It’s been a while, I know. I have been lazy in adding entries, photos and the like, and my I can picture the look of perplexity on the faces of my readers as to why. And so although it is a few weeks late, allow me to summarise what I have been up to, and if you’ll have patience, the year in review, 2004.
I was glad to see 2004 end. Not that I ever enjoy getting older or tumbling forward through time while memories and opportunities slip away forever, but it was just such a crap year, one of the toughest I have had to endure.
On NYE2003, I had planned to stay in and do nothing, but Jay dragged me out to watch fireworks with the girl he was courting called Debbie. While it was nice to chat with people over age 18 for a change, I probably should have stayed home. The early winter was marked by me feeling disappointed in the fact that I was no longer performing in with the Underground Shakespeare Company (because I felt shafted out of roles for too many consecutive seasons) and because my Fraternity had all but died with the news that we would officially not have a line in the Spring 04. Winter Term at Drexel wore on with little consequence, and Spring came in vainglorious Philadelphia fashion.
The only good point of Winter was being accepted to grad school in England. It gave me something to keep in mind when I was ready to break things … and people.

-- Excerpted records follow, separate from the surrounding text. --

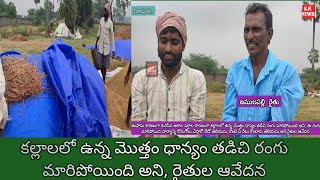 రైతన్నకు తీరని నష్టం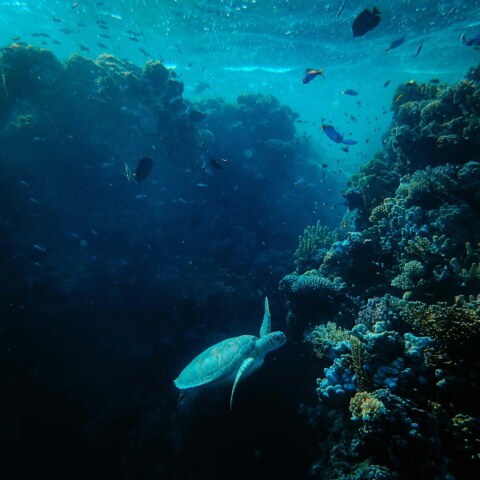 What innovative technologies and methods are being developed for the deep-sea cleaning of plastics and debris, and how do they address the unique challenges posed by the remote and inaccessible nature of deep-ocean environments?
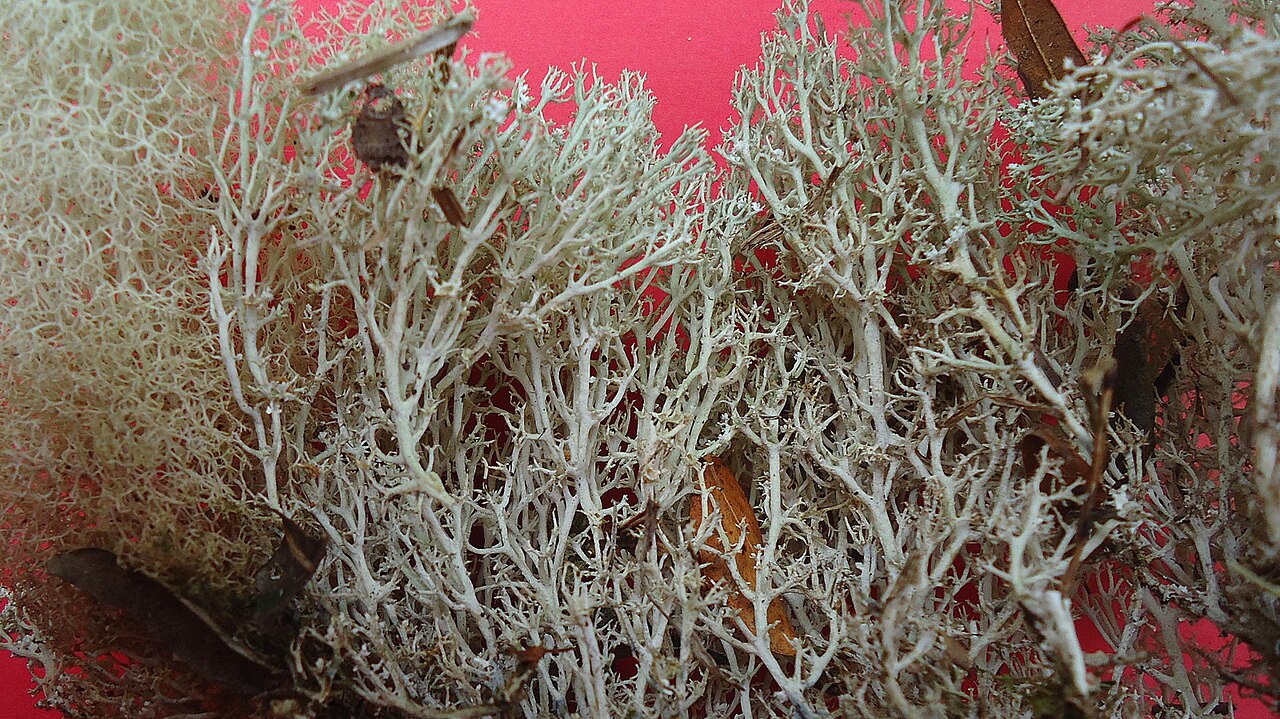 Cladonia confusa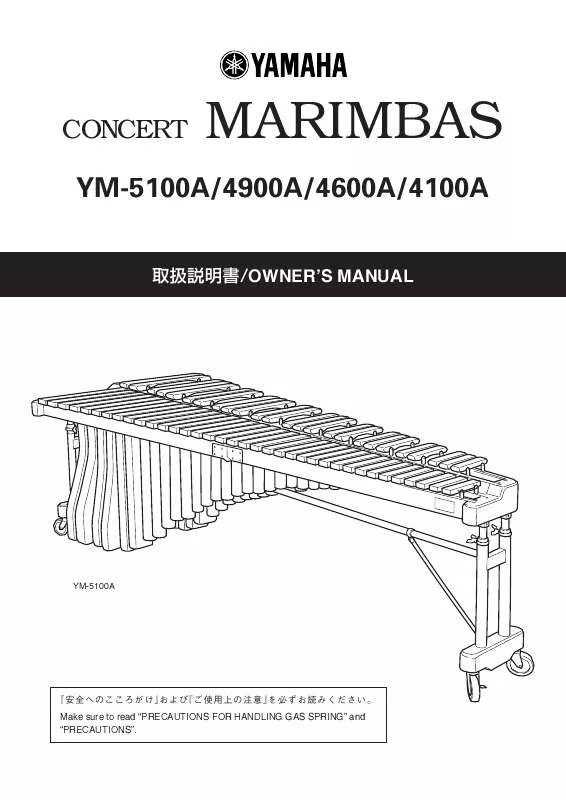 Mode d'emploi YAMAHA YM-4100A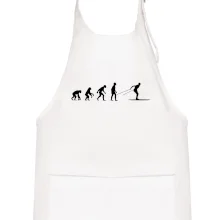 Evolúcia behu - bežky Evolúcia behu - bežky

There were, in fact, two clear highlights to the Spring Term. One, I won Research Day for my project on Vampires and was awarded $500 and a certain amount of prestige. Of course the money took 10 weeks to clear and I never did see my name in the paper, but that’s not the point. And, Spring Term 04, my final term at Uni, was the first time I managed to get straight As. I had come close several times, earning a lone B, but this was the first and only time I hit the 4.0
Dance seemed to be the only thing in my life that hadn’t fallen apart. In fact, dance got better and by the end, it was a lifestyle I didn’t want to give up. The performances were great and the memories weren’t bad either. History will smile upon my time dancing at Drexel.
And then I graduated. This was the most inflated and overrated event of my life to date – even more-so than the Senior Prom five years earlier. The whole event was over in two hours or so and aside from the cap and gown and other ridiculous rituals, it was just like any other day. Our parents came down, but we all cleared off quickly to evade the traffic and just to get on with our lives. No one seemed to care what I had gone through, no one even said “good luck” or “I know you’ll do well” or any of the banal lip service-esque phrases you usually hear at graduations. It made me seriously wonder “Why the Hell did I put myself through it all?”.
Summer was miserable. It began on a low note, having to move out and sublet my flat to what turned out to be a complete wanker of a frantic Pocono-based Temple student, and steadily got worse. I took me nearly two weeks to fully move out of Philly so for a while there, I was practically commuting. I will spare the comments about rising fuel prices and the fact that my car had shit air conditioning, but it was not a fun series of events. I was ‘working’ at Ron Ridgeway, Inc. which wasn’t bad except for the small detail of not being paid. It actually cost me money to go in and work. Seriously.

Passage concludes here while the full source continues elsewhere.